### The records
BEGIN

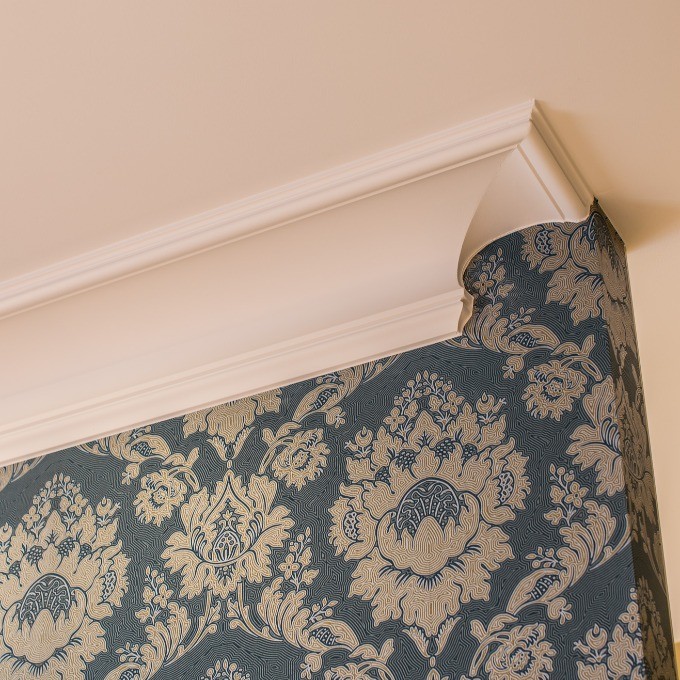 Потолочный плинтус под покраску Orac Decor Heritage L C342 2000×190×140 фото в интерьере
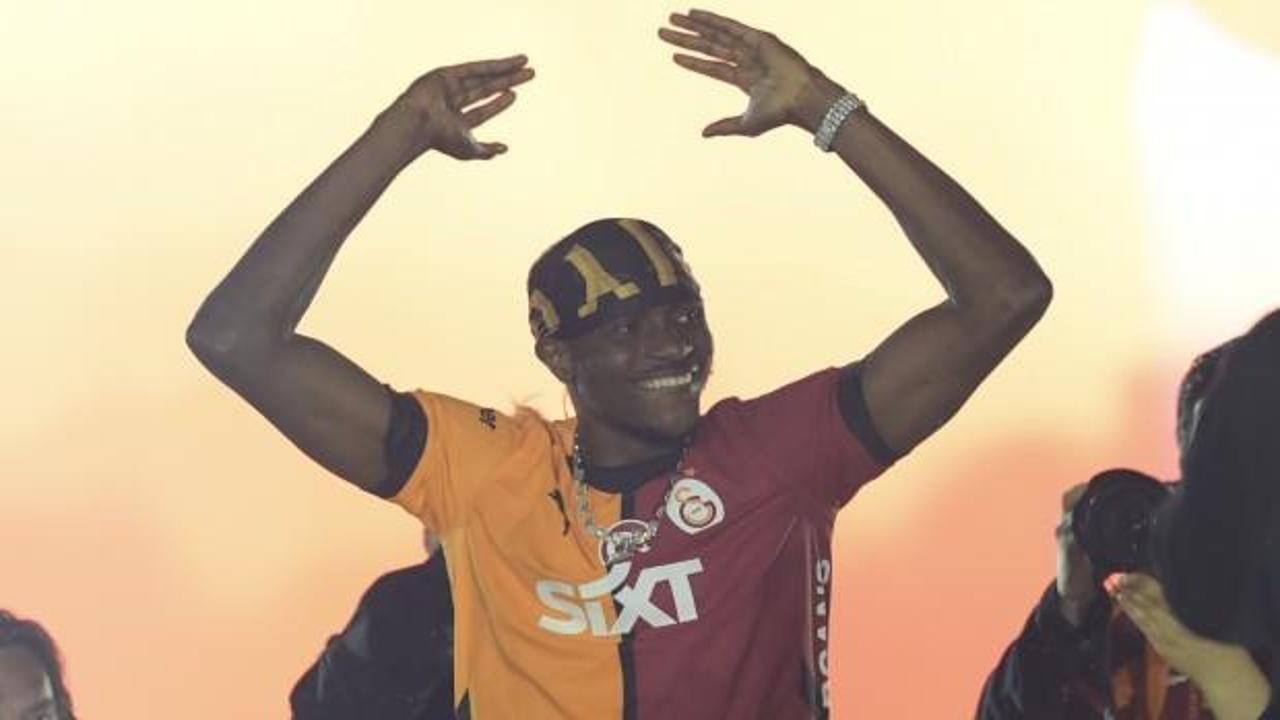 Osimhen'den kutlamalarda transfer sözleri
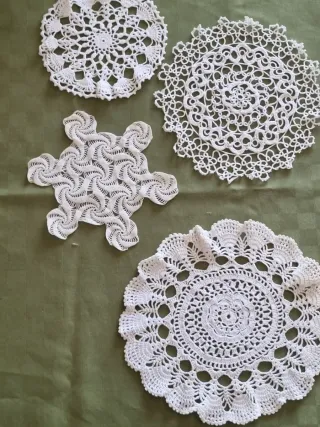 Set 4 Centrini Uncinetto Bianchi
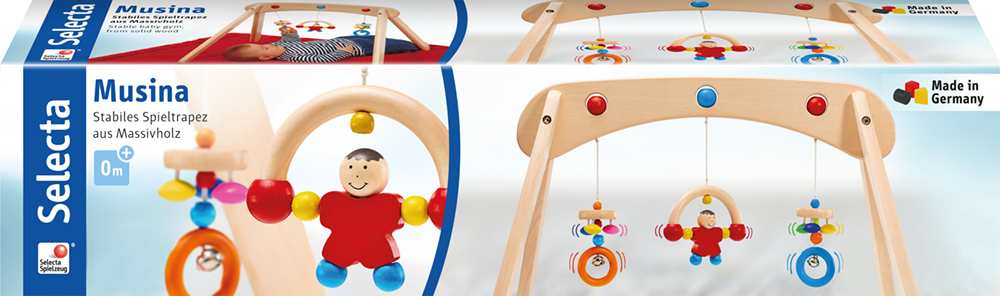 61063_musina-holz-spielzeug-p Musina-Spielmatte aus Holz für Babys mit bunten Hängespielzeugen und einer lächelnden Figur, mit der Aufschrift „Made in Germany“.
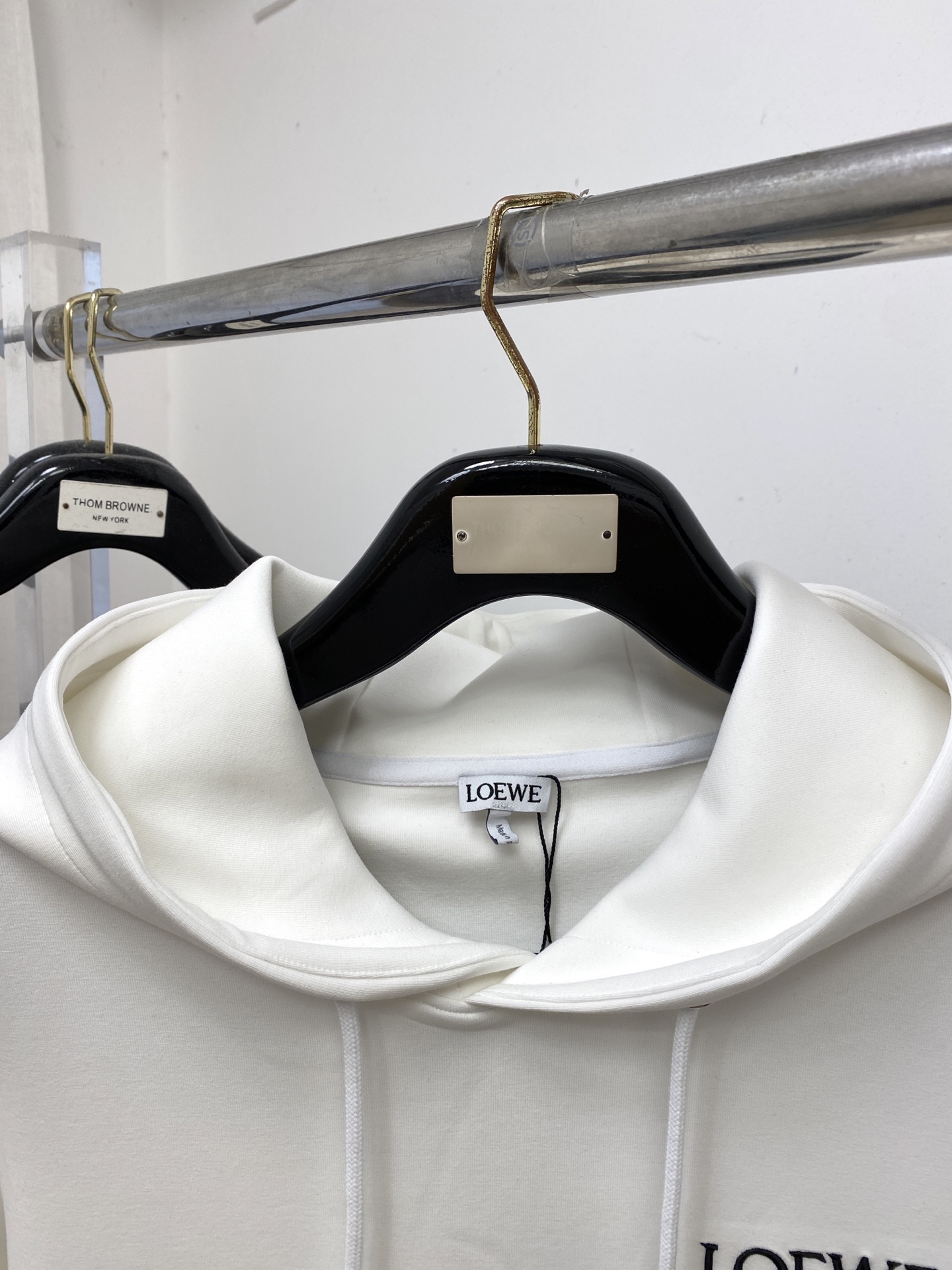 罗意威、2025新品卫衣，帅气时尚，胸前精致刺绣图案字母logo，简约百搭款。面料棉 不仅挺括，保持潮流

END

### Exercise details
Repeat all entries exactly. Skip the pictures.

### Response to this exercise
 Потолочный плинтус под покраску Orac Decor Heritage L C342 2000×190×140 фото в интерьере
 Osimhen'den kutlamalarda transfer sözleri
 Set 4 Centrini Uncinetto Bianchi
 61063_musina-holz-spielzeug-p Musina-Spielmatte aus Holz für Babys mit bunten Hängespielzeugen und einer lächelnden Figur, mit der Aufschrift „Made in Germany“.
 罗意威、2025新品卫衣，帅气时尚，胸前精致刺绣图案字母logo，简约百搭款。面料棉 不仅挺括，保持潮流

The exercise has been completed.